SQL is a language used to connect or access the data stored in a Relational Database Management System by using sintax that allows us to query relational database by creating objects like, database, tables, read/write and access those tables.

For example, if we work at a company that have databases storing customer information, employees information, sales information etc., as a data analyst user, we could form an SQL query (a question) that asks for exactly what we want to know about those data. The figure below shows us a representative example:

A Database Management System (DMBS) is a computerized system that enables users to create and maintain a database, facilitates the process of defining, constructing, manipulating and sharing databases among various users and applications.

The standard SQL commands to interact with Relational Databases are CREATE, DROP, SELECT, INSERT, UPDATE, and DELETE. These commands can be grouped into 2 subsets:

The Data Definition Language (DDL) which are statements used to define the structure of the database, create tables, specify their keys, data types, constraints of the data to be stored in the database and so on.

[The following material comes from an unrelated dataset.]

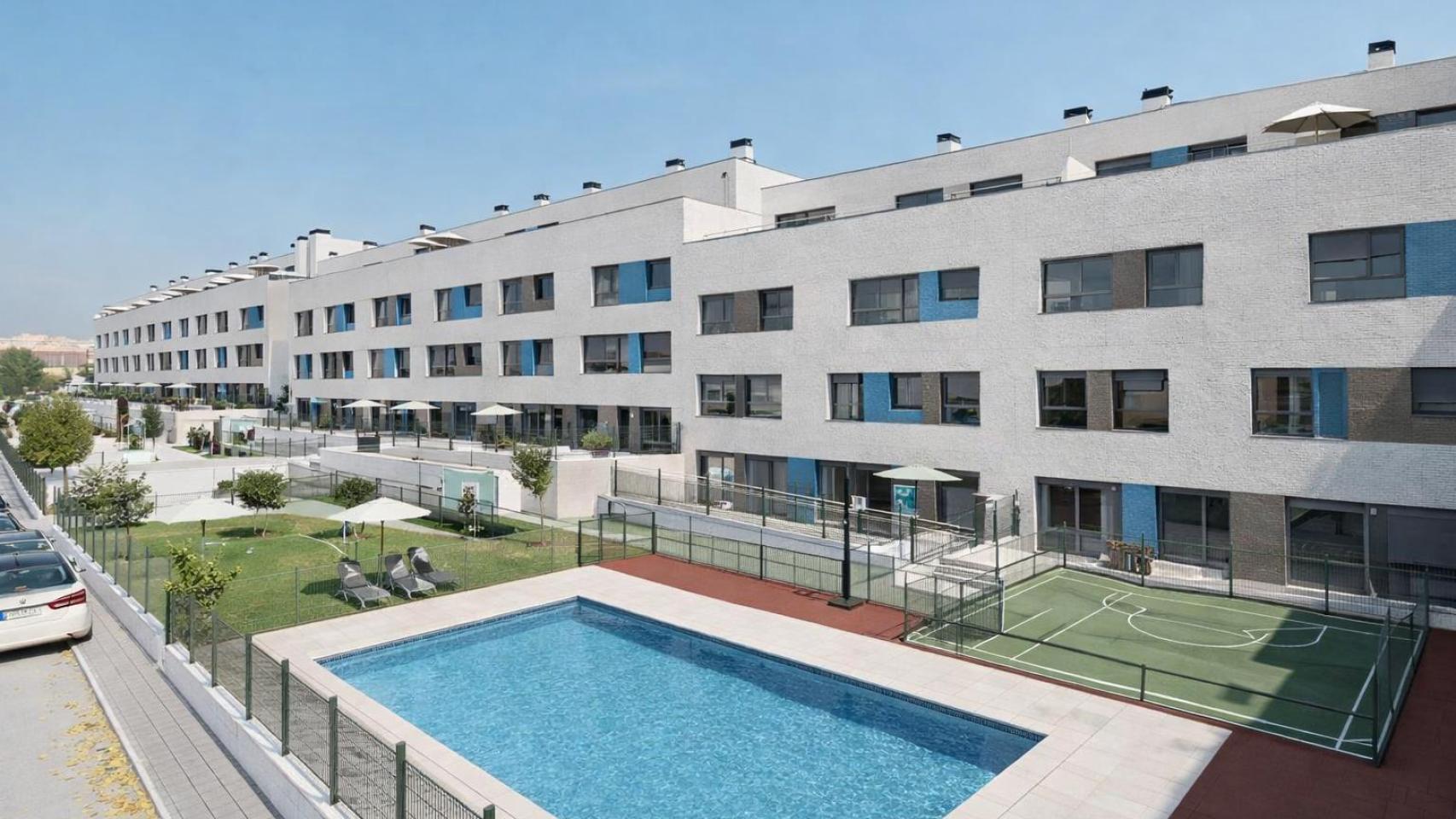 Edificio con piscina.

The key, entity integrity, and referential integrity constraints are specified by the Data Definition Language.

The Data Manipulation Language (DML) includes functions such as querying (read) the database to extract specific data, updating the database, insert new data and deletes data from a database so, collectively, these four functions are affectionately abbreviated as CRUD. The word, created, is generally used instead of insert.

Conclusion

From a perspective of Relational Database what we can conclude is:

1. Every table must have at least one primary key which that cannot be Null to allows Entity integrity2. Data model must be designed in a way it follows database normalization forms (you may heard about 1NF, 2NF, 3NF form)to allow us to reduce redundant data in a given database.3. Referential integrity must be mantained with help of Foreign Key4. Table design should be organize in a way it follows domain integrity also called semantic integrity. Means that values in tables must have consistent data type.5. Identify if a database holds an one-to-one relationship, an one-to-many relationship or a many-to-many relationship.6. integrity constraints specified on the relational database schema must never be violated.

Summary

In this article, we covered some theoretical elements of Relational Database. We explain the difference between database and spreadsheet and important concepts of primary key and foreign key.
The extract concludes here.